14. The apparatus according to claim 13, wherein the processing unit is configured to: when the road adhesion coefficient μ is greater than or equal to a second preset road adhesion coefficient threshold μ′TH, obtain a second preset measurement covariance matrix as the first measurement covariance R(k); orwhen the road adhesion coefficient μ is less than the second preset road adhesion coefficient threshold μ′TH, obtain a third preset measurement covariance matrix as the first measurement covariance R(k).

15. The apparatus according to claim 10, wherein the first measurement value yh of the vehicle sensor comprises a measurement value measured by a real vehicle sensor and a measurement value obtained based on a virtual vehicle sensor, and the measurement value of the virtual vehicle sensor is obtained by using a neural network.

16. The apparatus according to claim 10, wherein the first process status x comprises one or more of the following: a longitudinal speed vx, a horizontal speed vy, a yaw angular velocity r, the front left wheel speed ωFL, the front right wheel speed ωFR, the rear left wheel speed ωRL, the rear right wheel speed ωRR, or the road adhesion coefficient μ.

17. The apparatus according to claim 10, wherein the first measurement value yh comprises one or more of the following: a longitudinal acceleration ax, the horizontal acceleration ay, the yaw angular velocity r, the front left wheel speed ωFL, the front right wheel speed ωFR, the rear left wheel speed ωRL, a rear right wheel speed ωRR, or a centroid sideslip angle β.

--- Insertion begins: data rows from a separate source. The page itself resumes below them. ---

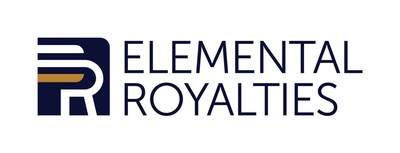 Elemental Royalties Logo (CNW Group/Elemental Royalties Corp.)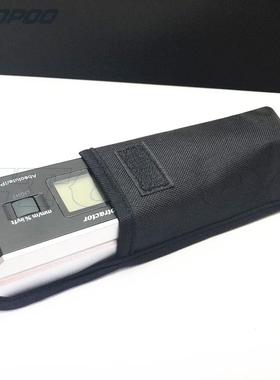 显倾角仪数角度仪数显MDH倾角显盒带磁性底数座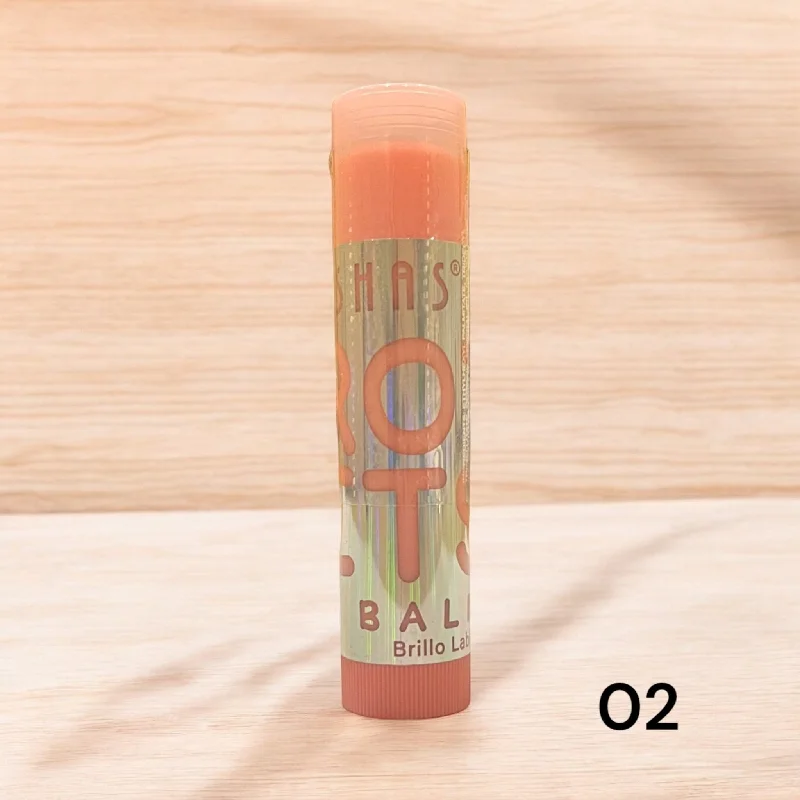 Lip Balm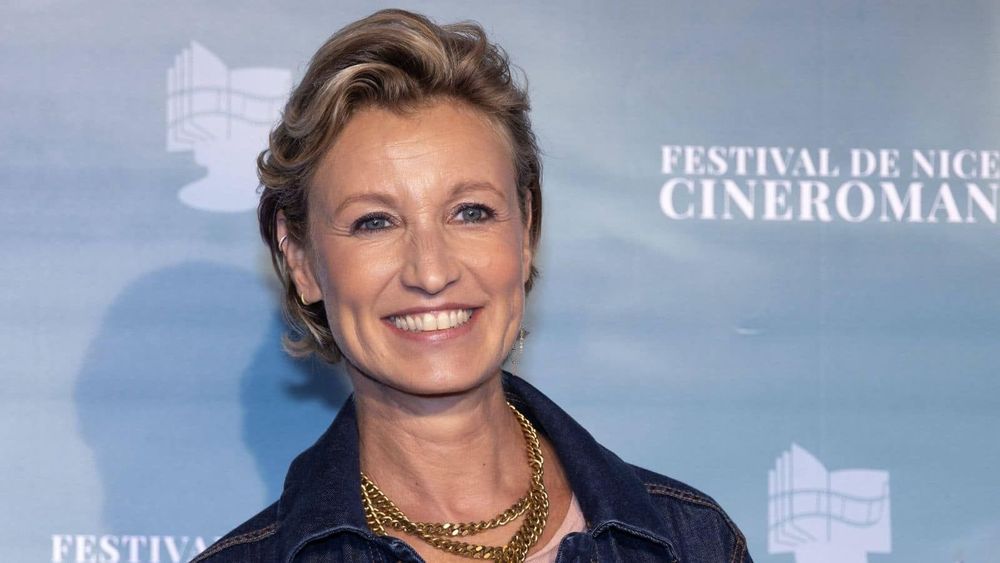 L’aveu sans tabou, Alexandra Lamy raconte ce qu’elle a dû abandonner : "Quand t’arrives à Paris…"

18. The apparatus according to claim 10, wherein the vehicle status parameter comprises one or more of the following: the longitudinal speed vx, the horizontal speed vy, the yaw angular velocity r, the front left wheel speed ωFL, the front right wheel speed ωFR, the rear left wheel speed ωRL, the rear right wheel speed ωRR, the road adhesion coefficient μ, the longitudinal acceleration ax, the horizontal acceleration ay, or the centroid sideslip angle β.

19. A computer storage medium, wherein the computer storage medium stores a computer program, and when the computer program is run on a computer, the computer is enabled to perform the method according to claim 1.